Для творчества некоторых авторов, учитывая те навязчивые идеи, которые присущи им изначально, в конечном итоге остаются только две возможности: или оно устремляется к безумию, или порывает с ним в духе того перелома, который произошел в творчестве Достоевского. Как в одном случае, так и в другом, у Руссо, Гельдерлина или Ницше, так же как и у Достоевского, на свет появляются те же самые двойники, те же самые миметические конфигурации. Эти совпадения, которые мы находим у стольких великих деятелей современности, производят сильное впечатление, на каком бы уровне они ни обнаруживались; нас удивляет или, скорее, должно удивлять, что они привлекают так мало внимания.
Впрочем, надо воздержаться от того, чтобы смешивать два крайних типа творчества. В одном случае появление миметической схемы имеет место внутри бреда и осуществляется через него, внутри окончательной катастрофы как для автора, так и для его произведений. В другом случае, напротив, это появление имеет место внутри возросшей ясности: оно оказывается для произведений и иногда для самого автора как бы вторым рождением. Оно освещает миметическое желание и двойников единственным подлинным светом, которым мы располагаем. В первом случае одержимость владеет произведением, во втором случае произведение со всей очевидностью господствует над одержимостью.
Если негативная сторона критики, осуществляемой при помощи одних только произведений, рискует шокировать сторонников «чистого» литературоведения, то ее позитивная сторона — тот факт, что она оперирует этой негативностью только исходя из тех произведений, которые, как следствие, признаются наивысшей критической инстанцией и рассматриваются, по крайней мере на предварительном этапе, как «неустранимые», — разумеется, не понравится всевозможным разоблачителям с их неуемным честолюбием. Этот ход рассуждений рискует сойти за ретроградный и обскурантистский.

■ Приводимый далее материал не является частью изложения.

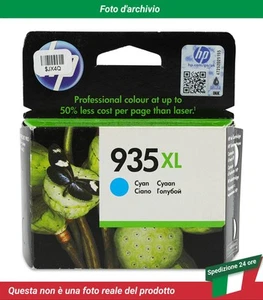 C2P24AE HP Officejet Pro 6230 ePrinter Cartuccia Inchiostro Ciano - Photo 1/2
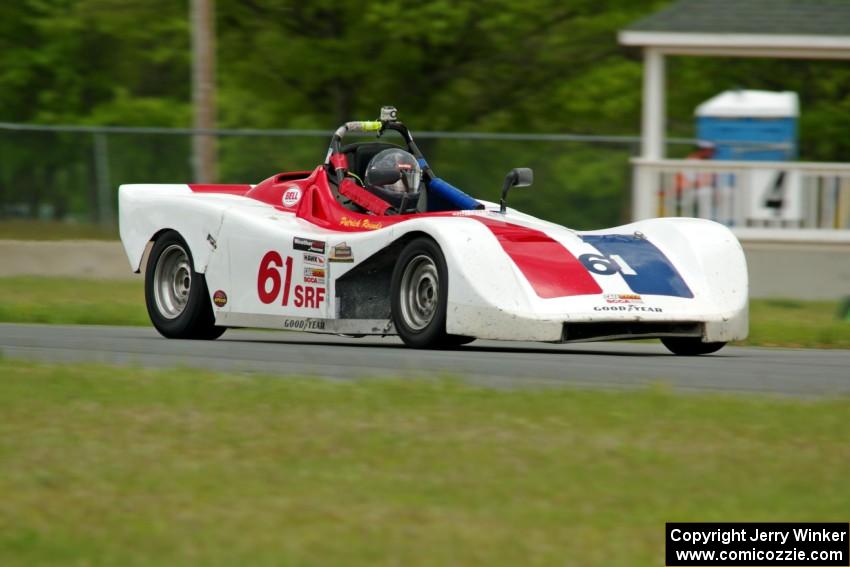 Patrick Rounds' Spec Racer Ford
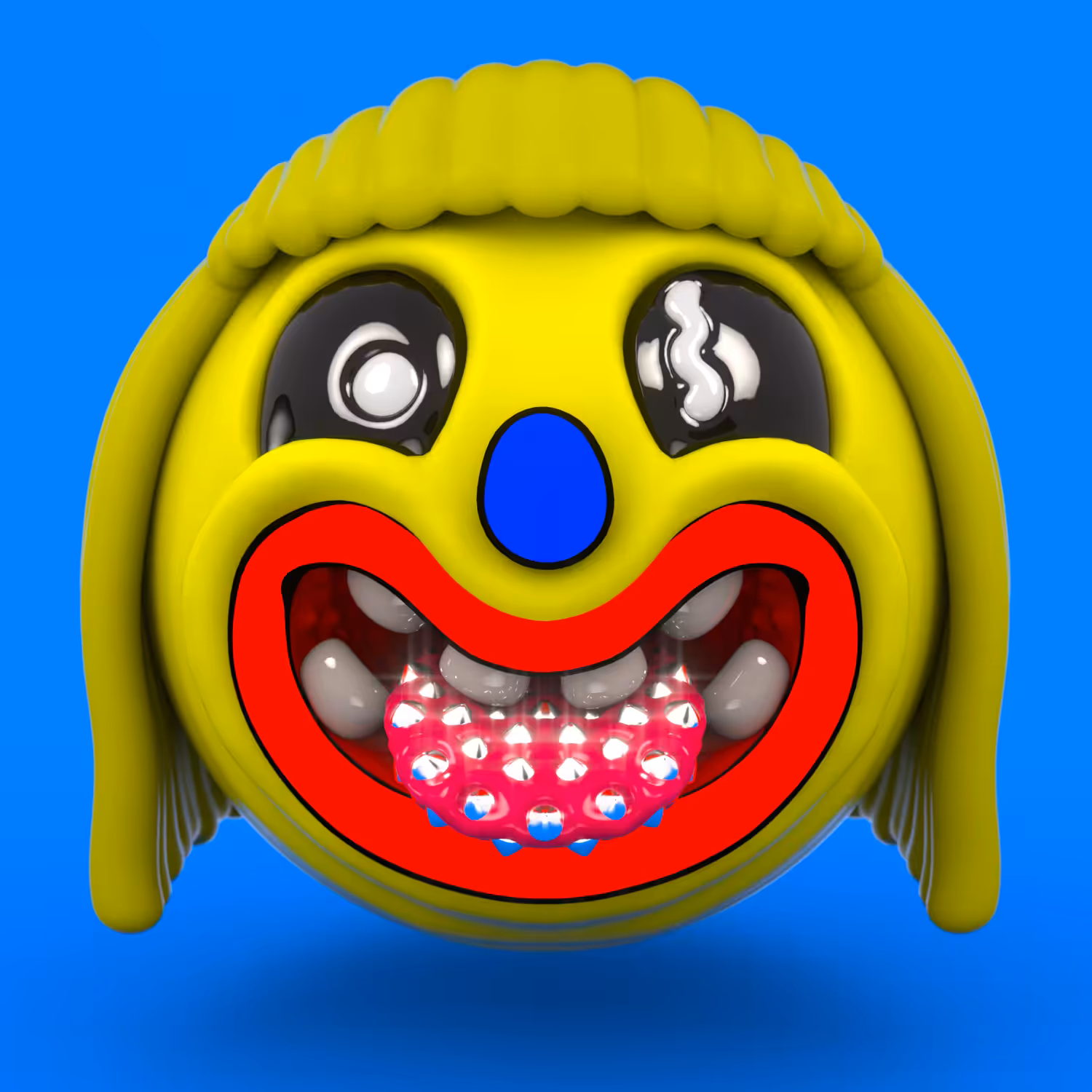 JOYWORLD JOYsmilies: JOYsmiley 4472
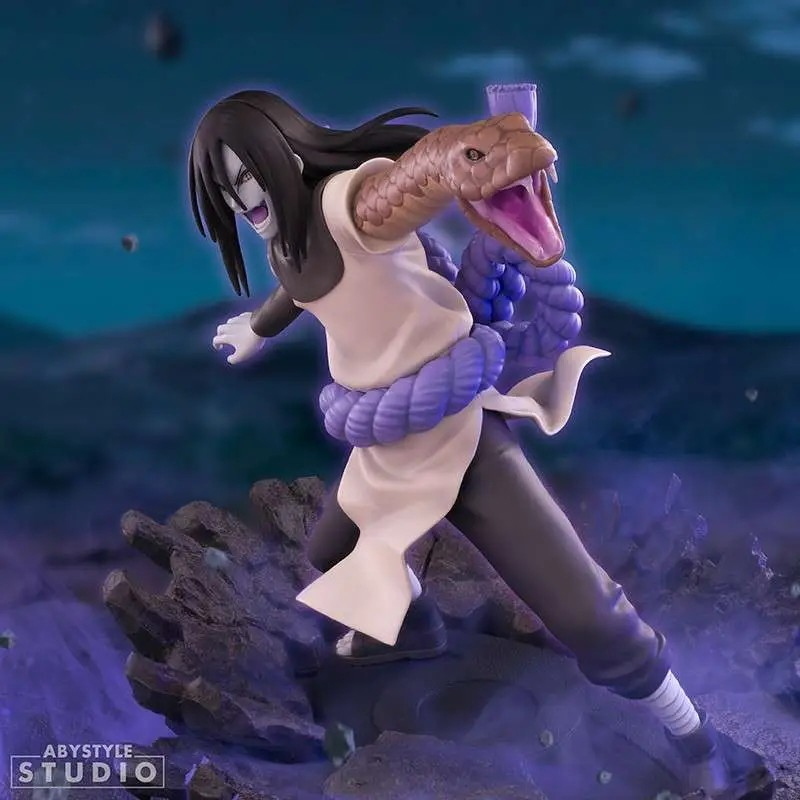 Naruto - Shippuden Orochimaru Super Figure Collection Abystyle Studio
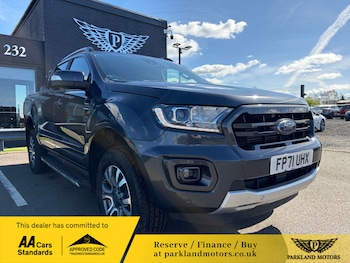Used Ford Ranger 2021 for sale - 78598530: Photo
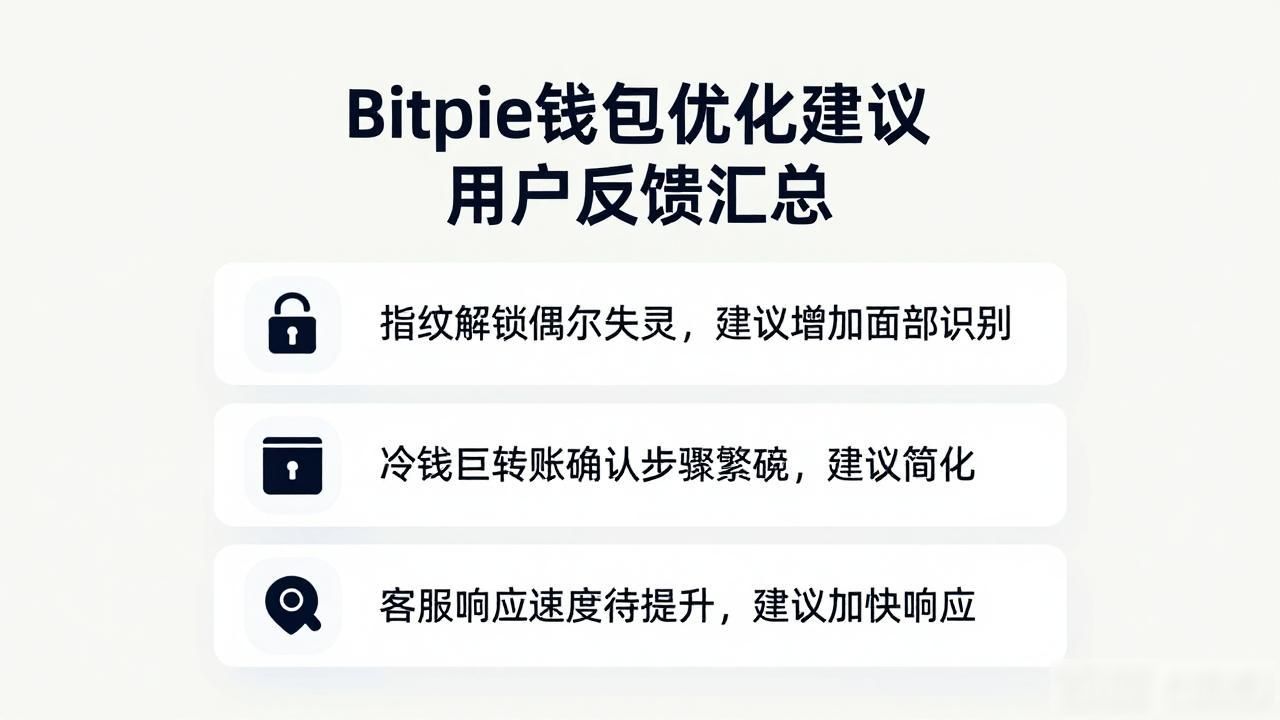 Bitpie钱包转账速度_用户交流:Bitpie钱包的优化建议与反馈_Bitpie钱包安全功能优化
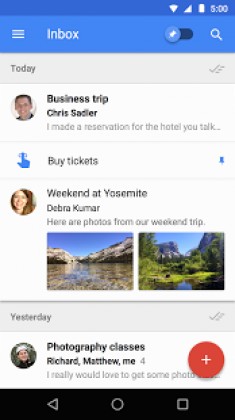 Inbox by Gmail Apk
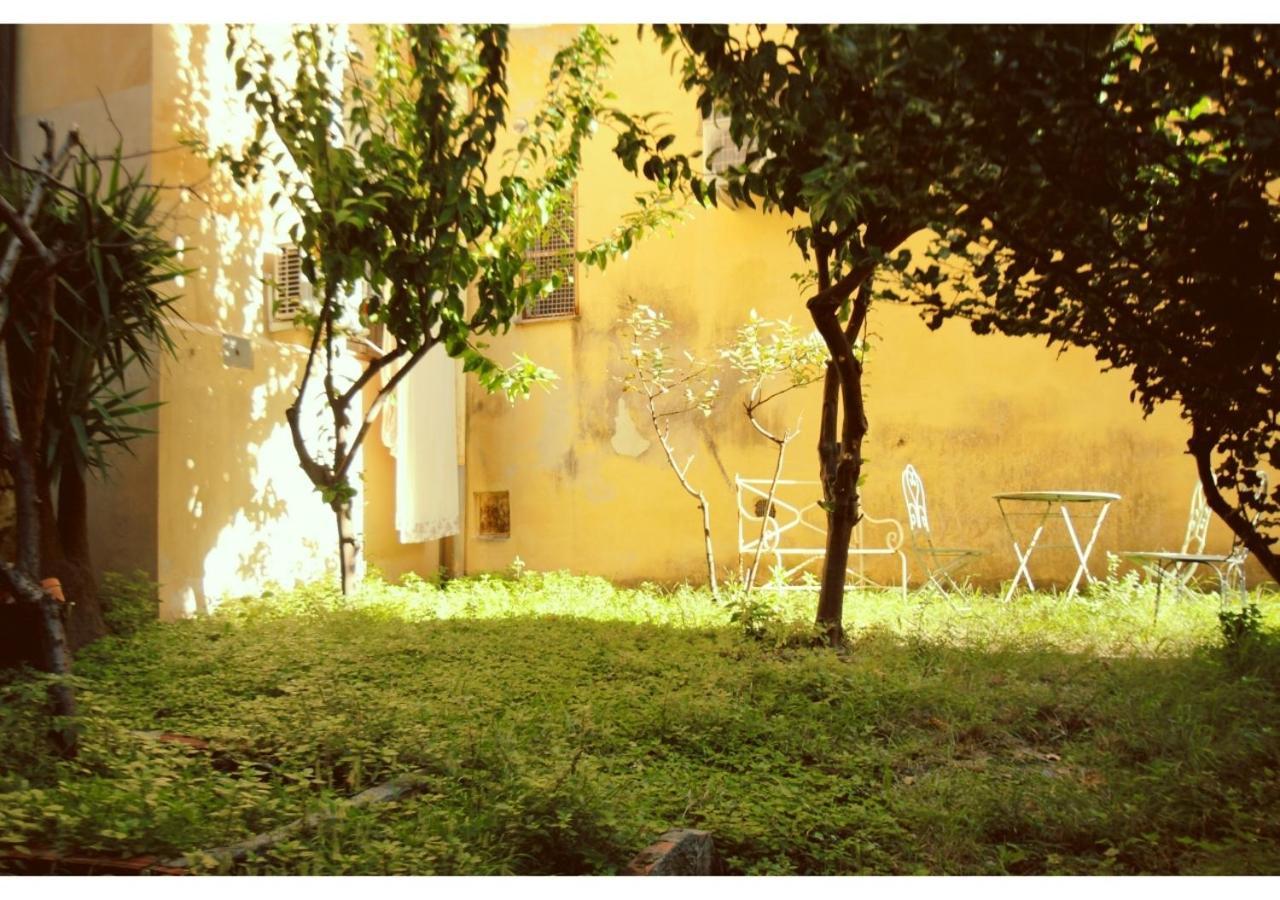 La Casa Di Aly Διαμέρισμα Γένοβα Εξωτερικό φωτογραφία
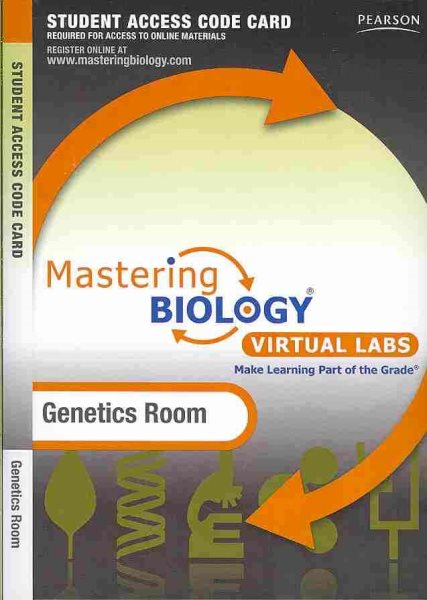 Mastering Biology Virtual Lab Genetics Room | 拾書所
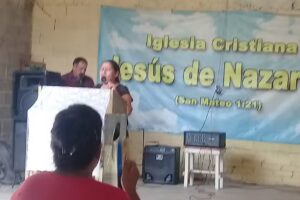 Iglesia Cristiana Jes&uacute;s de Nazaret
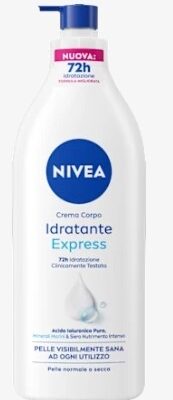 Nivea cr.cor.idr.express ml500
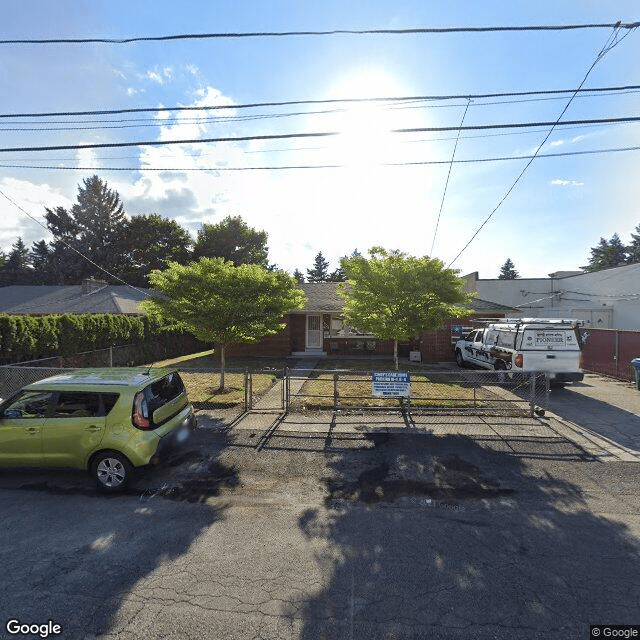 street view of Cindy's Care Home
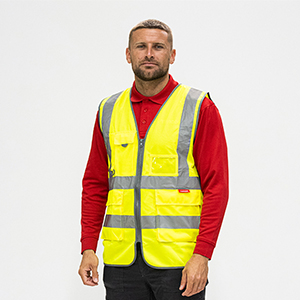 Picture for category Hi-Visibility Executive Vest
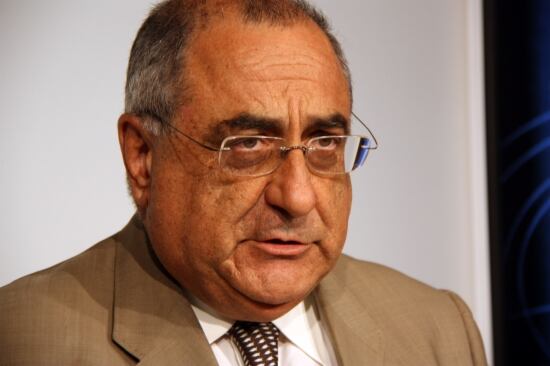 Joaquim Nadal, en una imatge d'arxiu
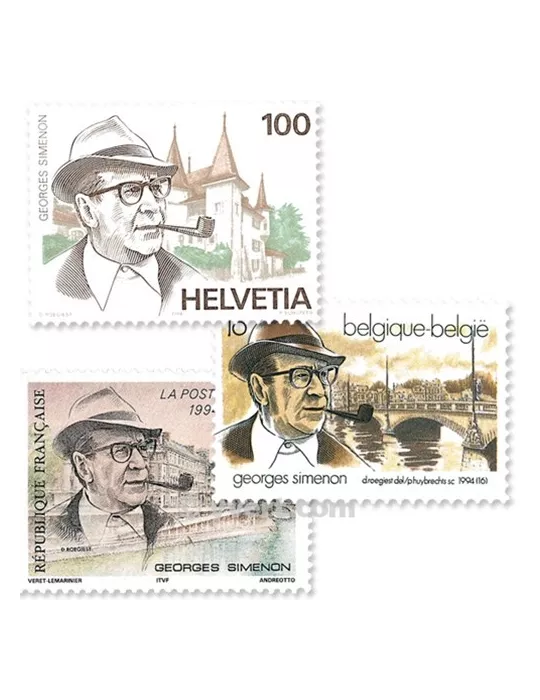 1994 - Émission commune-France-Belgique-Suisse-(pochette)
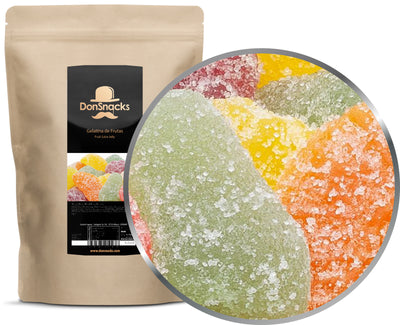Gelatina de Frutas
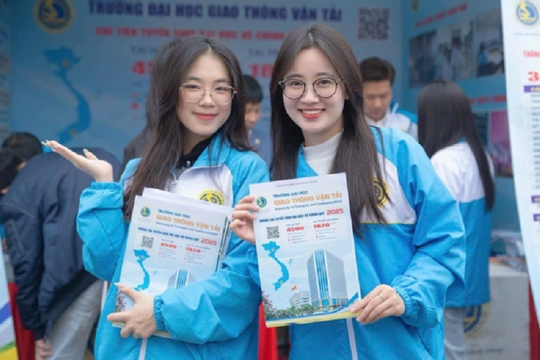 Trường đại học Giao thông vận tải bỏ quy đổi IELTS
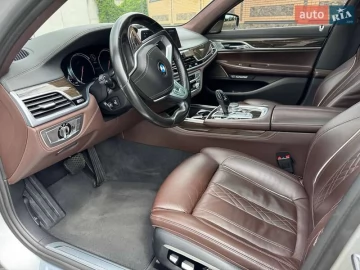 Авто BMW 7 Series 2016 № 7778784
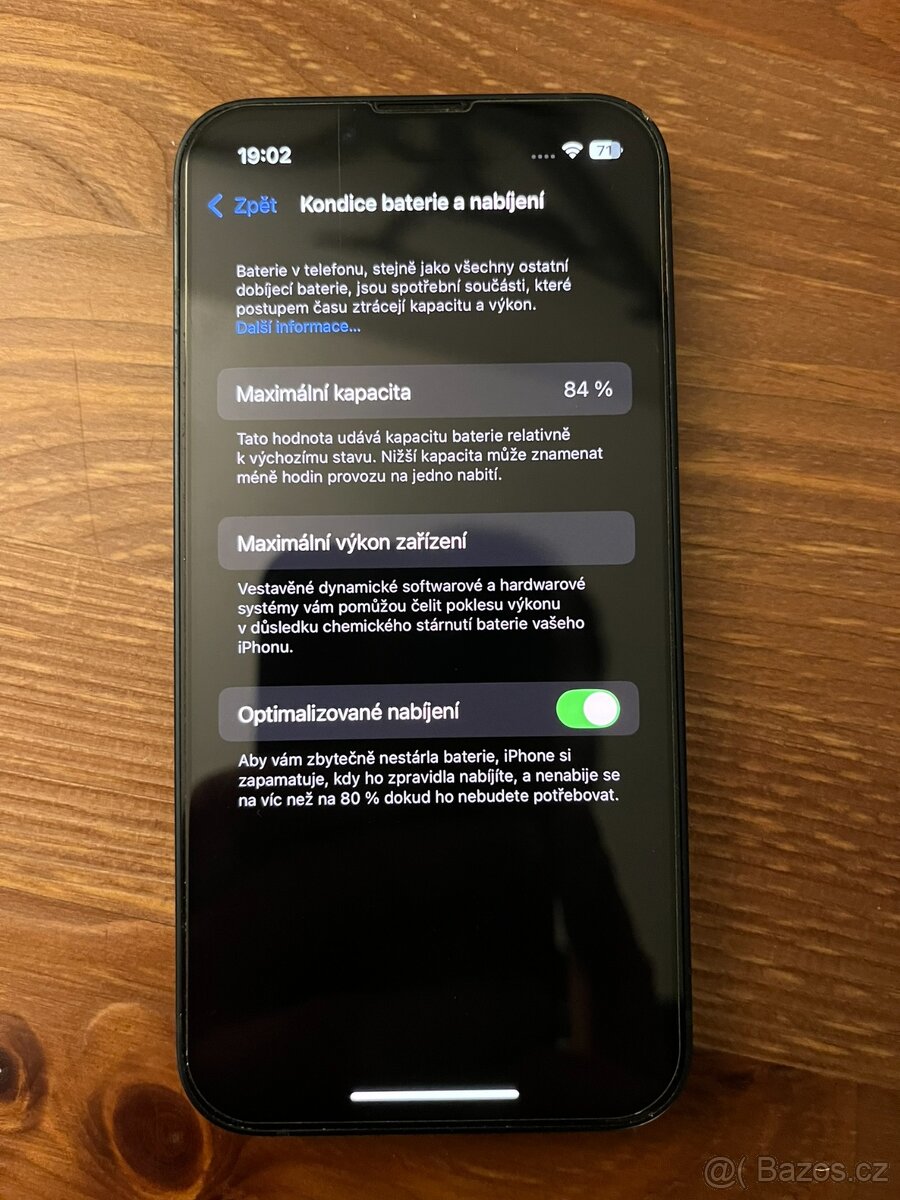 Prodám Iphone 13mini 128gb - 4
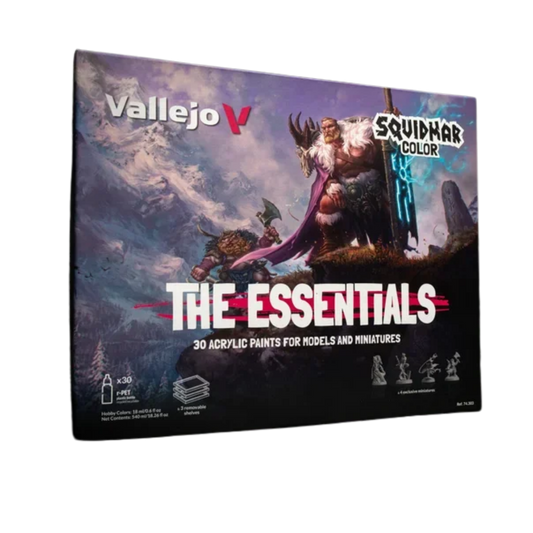 Squidmar Color - The Essentials (30)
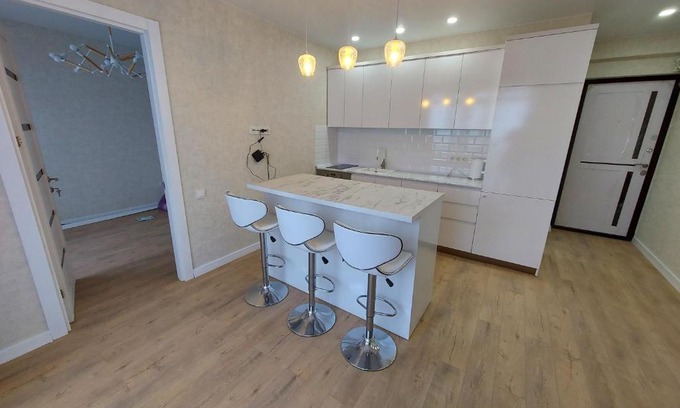 Mtsvane Kontskhi Apartment | Green Cape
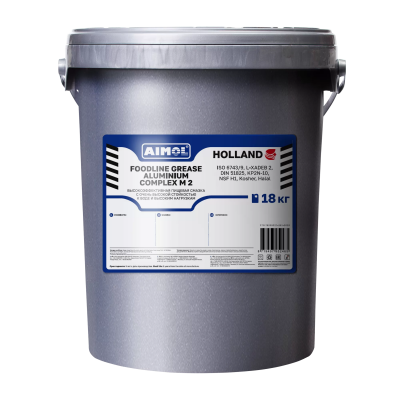AIMOL FOODLINE GREASE ALUMINIUM COMPLEX M 2 18 кг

Однако я не думаю, что уступаю мистике художественного произведения или мистике религиозной. Я думаю, что в некоторых произведениях существует знание, касающееся отношений желания, превосходящее все то, что нам когда–либо предлагалось. Речь идет не о том, чтобы отвергать науку, а о том, чтобы искать ее там, где она находится, сколь бы неожиданным ни оказалось это место.
Это утверждение может вызвать удивление, и его необходимо обосновать, особенно по отношению к психоанализу. Систематизация, которую я попытался представить выше, во многих пунктах сближается с психоаналитическими тезисами. Сравнение напрашивается само собой. В материалы дела надо включить статью Фрейда о Достоевском.
Итак, перед нами писатель, который пишет роман об отцеубийстве, о котором известно, что он ненавидел своего отца, необыкновенно жестокого человека, убитого собственными крепостными. Фрейд должен был найти здесь идеальный литературный материал. Все это кажется столь очевидным, что большая часть критики автоматически склоняется на сторону оракула психоанализа. Дело представляется решенным.